Lutz Goebel ist Vorsitzender des Nationalen Normenkontrollrates. Er wurde 1955 in Siegen geboren. Goebel stammt aus der Siegener Unternehmerfamilie Achenbach.  Goebel war zuletzt Präsident des Verbands der Familienunternehmer und ist Geschäftsführender Gesellschafter der Henkelhausen GmbH & Co. KG. Zudem hat er einige Beiratsmandate inne.


Welche Beispiele aus dem Wirtschaftsleben fallen Ihnen ein?

Das Kurzarbeitergeld wurde insbesondere in der Corona-Pandemie intensiv genutzt. Die Krux bei dem an sich hilfreichen Instrument ist, dass in jedem Einzelfall bei jedem Unternehmen geprüft werden muss. Dafür brauchen Sie Zehntausende Kontrolleure. Da bedarf es bestimmter Bagatell-Schwellen, unter einem bestimmten Wert wird etwa nicht kontrolliert, oder nur stichprobenartig bei Auffälligkeiten. So etwas würde die Arbeitsagentur entlasten.

Wie beurteilen Sie in dem Zusammenhang die geplante Einführung der Kindergrundsicherung?

Das Beispiel zeigt, dass es auch mit brachialer Verwaltungsgewalt nicht gelingt, schnell eine Maßnahme wirklich zum Leben zu erwecken. Grundsätzlich ist das ja eine tolle Idee, aber die Umsetzung ist erst für Anfang 2025 geplant. Für den bloßen Vollzug einer Maßnahme braucht man mehr als eineinviertel Jahre. Ob das weiterhilft? Es hakt gewaltig in der Umsetzung.

Im Januar 2024 wird der Digitalcheck ein Jahr alt – wie erfolgreich ist der Check und welchen Einfluss hat er auf Bürokratieabbau?
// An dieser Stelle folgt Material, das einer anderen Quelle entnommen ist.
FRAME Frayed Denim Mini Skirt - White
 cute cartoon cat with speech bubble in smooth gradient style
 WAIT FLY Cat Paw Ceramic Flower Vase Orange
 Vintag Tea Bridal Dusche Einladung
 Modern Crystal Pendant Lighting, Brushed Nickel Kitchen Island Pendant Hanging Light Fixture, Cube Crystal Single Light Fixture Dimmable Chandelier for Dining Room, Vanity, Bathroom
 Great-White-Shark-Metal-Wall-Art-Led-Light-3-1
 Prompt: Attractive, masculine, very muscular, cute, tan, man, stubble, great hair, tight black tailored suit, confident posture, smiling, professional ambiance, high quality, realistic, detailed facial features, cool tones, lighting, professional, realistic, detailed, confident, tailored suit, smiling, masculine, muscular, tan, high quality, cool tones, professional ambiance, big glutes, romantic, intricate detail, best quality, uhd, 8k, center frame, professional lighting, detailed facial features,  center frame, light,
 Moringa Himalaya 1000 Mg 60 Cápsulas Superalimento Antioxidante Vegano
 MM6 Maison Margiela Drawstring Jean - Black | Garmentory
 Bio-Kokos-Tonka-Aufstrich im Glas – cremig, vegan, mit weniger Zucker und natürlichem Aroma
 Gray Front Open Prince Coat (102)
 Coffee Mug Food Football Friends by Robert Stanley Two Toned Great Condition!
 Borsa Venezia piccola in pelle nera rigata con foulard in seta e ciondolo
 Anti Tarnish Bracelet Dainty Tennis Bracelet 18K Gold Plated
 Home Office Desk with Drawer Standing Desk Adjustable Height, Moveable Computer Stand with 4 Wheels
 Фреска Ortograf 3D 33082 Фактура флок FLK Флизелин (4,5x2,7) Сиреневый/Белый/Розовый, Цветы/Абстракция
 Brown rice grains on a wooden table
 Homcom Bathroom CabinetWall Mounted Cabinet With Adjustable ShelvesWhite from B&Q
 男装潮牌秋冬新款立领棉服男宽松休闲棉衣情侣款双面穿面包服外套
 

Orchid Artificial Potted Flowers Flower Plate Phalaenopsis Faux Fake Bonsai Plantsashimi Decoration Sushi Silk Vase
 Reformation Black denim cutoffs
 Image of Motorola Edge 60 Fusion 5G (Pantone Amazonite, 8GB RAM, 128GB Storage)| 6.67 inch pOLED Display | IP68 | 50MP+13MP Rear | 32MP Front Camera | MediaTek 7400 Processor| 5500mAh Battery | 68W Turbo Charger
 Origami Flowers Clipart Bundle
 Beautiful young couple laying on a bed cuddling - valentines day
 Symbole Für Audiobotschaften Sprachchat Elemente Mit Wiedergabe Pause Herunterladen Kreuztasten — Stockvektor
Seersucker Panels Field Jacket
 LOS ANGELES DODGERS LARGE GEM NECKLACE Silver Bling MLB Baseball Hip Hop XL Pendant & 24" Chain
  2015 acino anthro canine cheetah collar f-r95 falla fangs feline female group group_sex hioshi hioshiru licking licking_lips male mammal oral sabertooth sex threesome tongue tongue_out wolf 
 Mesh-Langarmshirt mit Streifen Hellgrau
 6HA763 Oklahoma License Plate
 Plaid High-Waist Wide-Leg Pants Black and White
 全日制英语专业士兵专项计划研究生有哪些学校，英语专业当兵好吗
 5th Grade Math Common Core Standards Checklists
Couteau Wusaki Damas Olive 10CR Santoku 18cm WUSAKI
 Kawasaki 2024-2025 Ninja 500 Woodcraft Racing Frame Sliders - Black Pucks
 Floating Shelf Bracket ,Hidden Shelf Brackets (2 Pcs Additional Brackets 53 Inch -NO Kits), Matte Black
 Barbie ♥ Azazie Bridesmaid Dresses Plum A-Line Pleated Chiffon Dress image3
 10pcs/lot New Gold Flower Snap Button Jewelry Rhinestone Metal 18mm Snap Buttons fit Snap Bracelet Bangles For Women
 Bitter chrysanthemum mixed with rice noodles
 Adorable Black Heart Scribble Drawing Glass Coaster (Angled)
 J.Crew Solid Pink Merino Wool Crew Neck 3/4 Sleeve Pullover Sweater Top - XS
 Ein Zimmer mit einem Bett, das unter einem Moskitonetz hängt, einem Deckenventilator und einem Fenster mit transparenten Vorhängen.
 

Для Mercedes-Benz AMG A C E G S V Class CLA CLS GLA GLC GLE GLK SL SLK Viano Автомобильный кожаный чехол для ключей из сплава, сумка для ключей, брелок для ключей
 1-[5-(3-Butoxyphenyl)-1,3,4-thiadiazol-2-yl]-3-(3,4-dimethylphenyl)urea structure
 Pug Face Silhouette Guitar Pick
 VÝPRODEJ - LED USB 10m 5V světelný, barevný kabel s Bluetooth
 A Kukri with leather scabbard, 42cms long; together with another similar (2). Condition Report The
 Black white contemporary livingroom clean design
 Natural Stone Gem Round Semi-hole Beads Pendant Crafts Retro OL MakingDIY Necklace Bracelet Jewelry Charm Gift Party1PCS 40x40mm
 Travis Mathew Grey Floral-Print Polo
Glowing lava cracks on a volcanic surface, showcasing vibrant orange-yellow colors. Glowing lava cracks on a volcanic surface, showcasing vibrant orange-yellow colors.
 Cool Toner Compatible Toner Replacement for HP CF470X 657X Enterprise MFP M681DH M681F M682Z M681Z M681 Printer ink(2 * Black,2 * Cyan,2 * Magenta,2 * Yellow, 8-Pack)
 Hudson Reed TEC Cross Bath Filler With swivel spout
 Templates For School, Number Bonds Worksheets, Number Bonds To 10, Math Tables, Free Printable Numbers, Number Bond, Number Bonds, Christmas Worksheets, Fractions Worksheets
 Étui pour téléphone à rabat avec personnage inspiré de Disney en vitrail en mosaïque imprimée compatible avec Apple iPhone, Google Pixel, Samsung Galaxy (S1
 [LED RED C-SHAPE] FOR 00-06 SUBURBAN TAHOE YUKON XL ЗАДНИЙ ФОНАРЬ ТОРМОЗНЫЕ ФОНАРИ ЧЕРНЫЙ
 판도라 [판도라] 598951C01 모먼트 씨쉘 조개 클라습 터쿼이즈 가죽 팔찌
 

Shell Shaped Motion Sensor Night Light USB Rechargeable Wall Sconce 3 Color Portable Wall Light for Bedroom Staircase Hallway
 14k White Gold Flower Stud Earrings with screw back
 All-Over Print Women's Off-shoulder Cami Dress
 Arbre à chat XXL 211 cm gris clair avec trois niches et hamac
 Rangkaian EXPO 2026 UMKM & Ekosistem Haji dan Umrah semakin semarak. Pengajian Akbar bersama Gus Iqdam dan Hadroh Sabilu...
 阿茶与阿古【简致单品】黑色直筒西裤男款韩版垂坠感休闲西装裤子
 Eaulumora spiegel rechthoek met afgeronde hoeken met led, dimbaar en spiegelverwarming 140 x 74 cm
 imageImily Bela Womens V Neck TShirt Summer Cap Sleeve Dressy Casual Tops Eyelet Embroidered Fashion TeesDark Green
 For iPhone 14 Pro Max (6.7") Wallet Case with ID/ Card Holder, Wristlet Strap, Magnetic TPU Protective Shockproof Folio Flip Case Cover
Seit einem Jahr müssen alle Bundesministerien darauf achten, dass neue Gesetze in der Praxis auch digital umsetzbar sind. Digitalisierungshürden wie das persönliche Erscheinen auf dem Amt oder Nachweise in Papierform sollen so vermieden werden. Das hat einen erheblichen Einfluss auf Bürokratieabbau – wenn die Digitalchecks ernst genommen werden und gut gemacht sind, also auch die Prozesse visualisiert sind. Deshalb prüfen wir als NKR, inwieweit die Ressorts die Digitalisierung bei der Erarbeitung von Gesetzentwürfen mitgedacht haben. Die Entwicklung kann sich sehen lassen: Seit der Einführung vor einem Jahr ist die Anzahl qualitativ guter Digitalchecks deutlich gewachsen. Langfristig wird das beim Abbau von Bürokratie helfen.